Die Abhilfe: Du musst deinen inneren Schweinehund überwinden! Das ganze ist nur Gewohnheitssache. Gewöhne dir an, alles regelmäß zu tun und irgendwann geht es von ganz allein. Ich wasch z. B. täglich ab, auch wenns nur wenig Geschirr ist. Da führe ich keine Diskussionen mehr mit mir selbst. Das ist zu tun und das wird getan. Basta! Nach ca. 2 Wochen regelmäßigen Abspülens machst du das dann ganz von allein ohne darüber nachzudenken, weil es dann zur Routine geworden ist.

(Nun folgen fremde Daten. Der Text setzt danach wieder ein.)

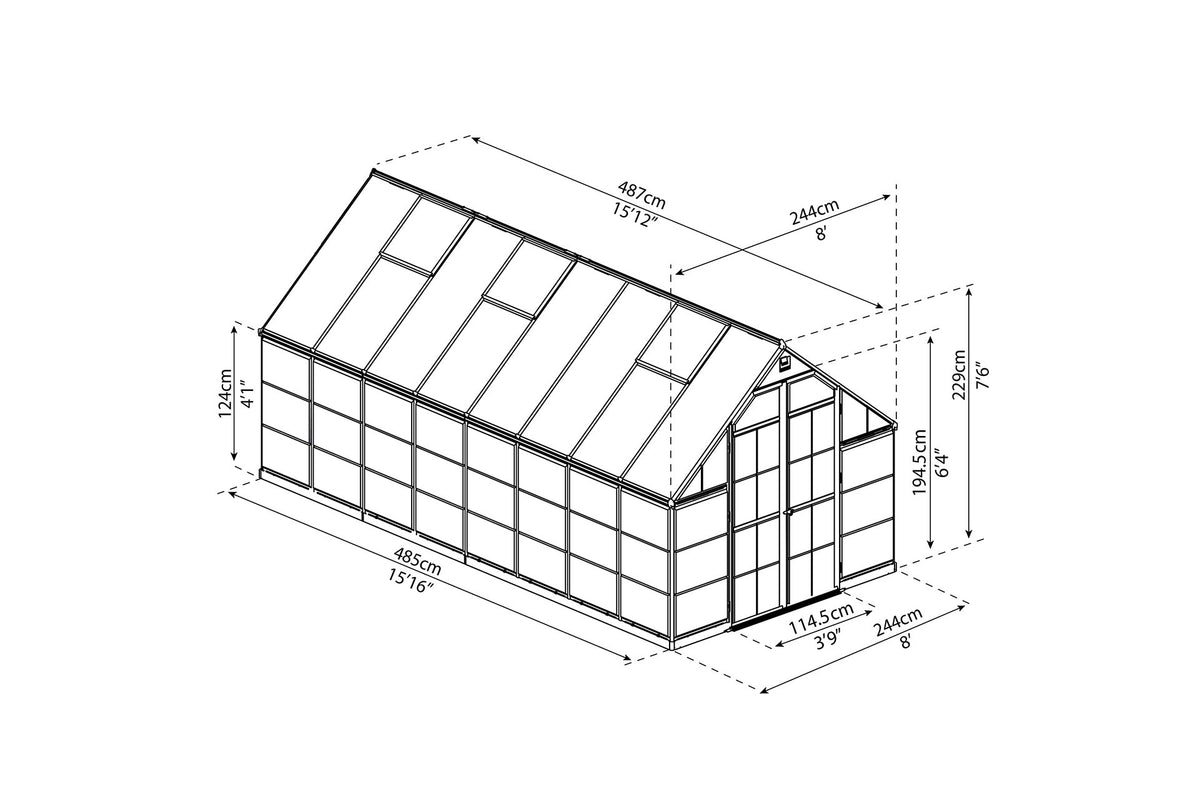 Maze Balance Polycarbonate Greenhouse 8' x 16' Grey (2.5m x 4.9m)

Für den Rest kannst du dir einen Haushaltsplan erstellen wann was gemacht wird und den musst du strikt einhalten! Da gibts dann kein "ich habe keine Lust", dann wird das einfach gemacht und fertig. In der Zeit, in der man sich erst mal dazu durchringen und aufrappeln muss, hätte man nämlich schon längst z. B. das Bad putzen können 😉

Also versuch es: Täglich Geschirr spülen, für die restliche Hausarbeit einen Plan erstellen und dann den Schweinehund vor die Tür setzen!

Ist gar nicht so schwer, du musst nur wirklich wollen!

LG tortelini
 
Naja ich kenn sowas auch. Gibt Leute, die fallen bei jedem Staubkorn in Ohnmacht und andere, die im größten Chaos leben und problemlos über den Müll drübersteigen, um ins Bett zu kommen. Beides sind Extreme, die m.E. nicht ganz gesund fürs normale Leben sind.

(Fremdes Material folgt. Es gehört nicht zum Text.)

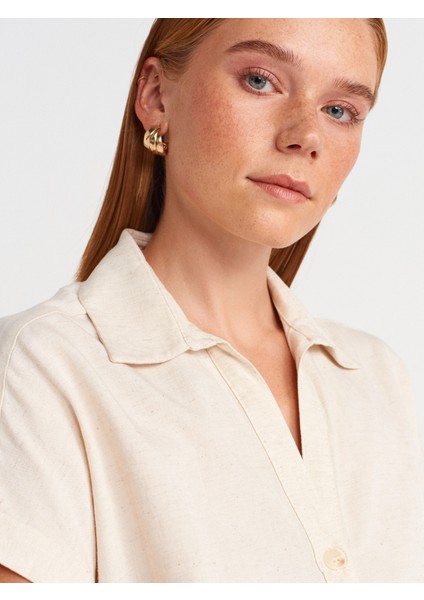 90924 Normal Kesim Elbise-Ekru modelleri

Ich bin auch eher schlampig und solange man alleine lebt ist das ja auch nicht so tragisch, aber vielleicht hast ja auch mal nen Partner, Kinder - dann "muss" so eine gewisse Grundsauberkeit sein. Das mit dem Plan ist an sich gut, wobei die Frage ist, ob er/sie sich dran hält weil ihn ja keiner dazu zwingen kann.

Ich kann oft auch Dinge besser erledigen, wenn der "Auftrag" von wem anders (Chef) kommt. Da ist klar: "Das liegt an und muss gemacht werden". Wenn man sich selber was aufschreibt, kann mans auch schnell wieder canceln und nix passiert.

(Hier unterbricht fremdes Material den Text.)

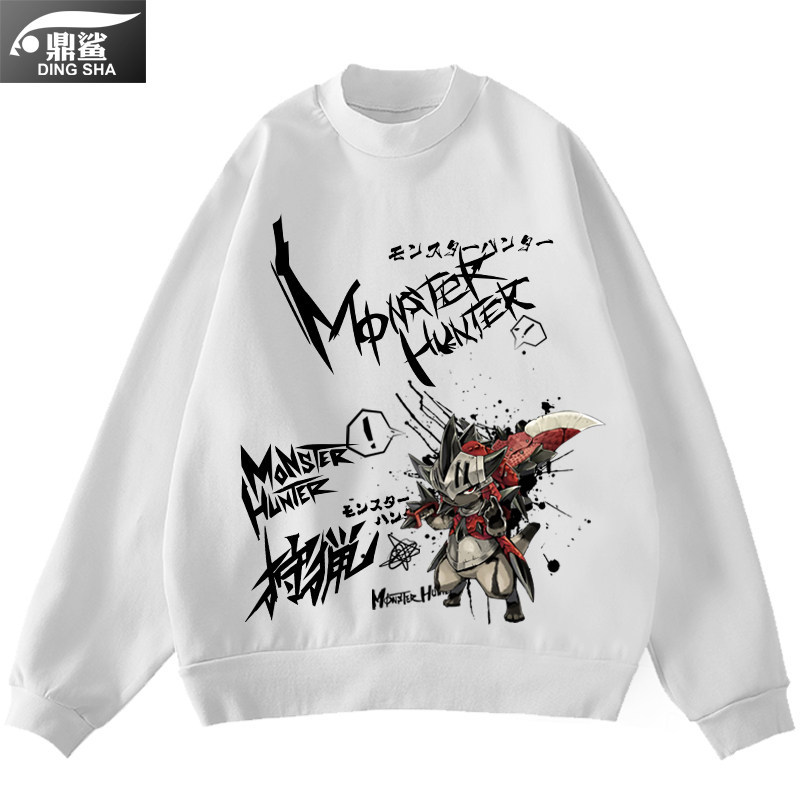 Bộ hoodie chủ đề Monster Hunter World Hunting, cổ tròn, tay dài, dành cho nữ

Ich glaub auch, Messie sein und schlampig sein, sind zwei verschiedene Dinge.
 
Hallo!

Lies doch mal das Buch "Simplity your life". Es ist echt gut und macht auch Spaß zu lesen! Ich habe auch davon gelernt.
Manchmal ist es einfach sinnvoll sich von manchem zu "befreien"!

Viel Spaß und alles Gute

Leyla_1🙂
 
Das kenne ich.

So war ich auch mal und bin es zum Teil heute noch. Du musst tatsächlich deinen inneren Schweinehund überwinden und dich auch fragen, was strukturell in deinem Haushalt schief läuft.

Du musst System in deinen Haushalt bringen.

Mir hat es z.B. schon sehr geholfen, dass Dinge einen festen Platz haben. Einen festen Platz für die Post, für die Wäsche, für die Fernbedienung usw.

Auch musst du dir immer wieder klar machen, dass jeden Tag etwas Hausarbeit einfacher ist, als einmal die Woche ganz viel. Jeden Tag den Teller abzuspülen dauert vielleicht 2 Minuten. Dafür musst du aber nicht einmal die Woche eine Stunde spülen, wenn sich alles gestapelt hat.
 
Hallo Gast! Also denke einfach, daß du Besuch kriegst- von deiner Mutter , oder sonst wer wichtiges, dem du was beweisen willst, kommt. Was den Abwasch betrifft: es geht viel schneller gleich, also noch frisch beschmutztes, abzuwaschen. Du fühlst dich viel wohler, kommst du in die aufgräumte Küche, kannst dich immer selber loben, wie fleißig du bist.
FG Gelinda
 
Hallo und erstmal Danke für eure Tipps und Links,

Das mit dem täglich etwas machen werde ich nun mal probieren. Ich hab jetzt ziemlich intensiv über das Ganze nachgedacht, vor allem, weil ich zum einen früher nicht so war und zum anderen diese absolute Lethargie irgendwie "nur" mein häusliches Leben betrifft.

ADS trifft denke ich auf mich nicht zu, allerdings habe ich Anzeichen von Depression bei mir entdeckt. Ich glaube, auf Arbeit kann ich das irgendwie unterdrücken, da mir mein Job wichtig ist und ich da auch immer noch alles gut und richtig machen will. Diese ganze Energie scheint im Moment aber zu verpuffen, wenns um mich selber geht. Da ist mir vieles einfach egal geworden...ich bin nicht sicher, woran es liegt. Es gab keine schlimmen, einschneidenden Ereignisse in meinem Leben...vielleicht macht mich nur das manchmal recht sinnentleerte Einerlei nach dem Motto "Studium-Job antreten-Job erledigen-Essen-Schlafen" so antriebslos.

Ich werd da wohl noch ne Menge Denkarbeit leisten müssen, um mir da genau klar zu werden. Und vielleicht drückt die vermüllte Wohnung auch ein bisschen meine Seelenlage aus. Beräumen wäre sicher ne gute Idee. Ich versuch es mal anzugehen und danke für alle Anregungen hier.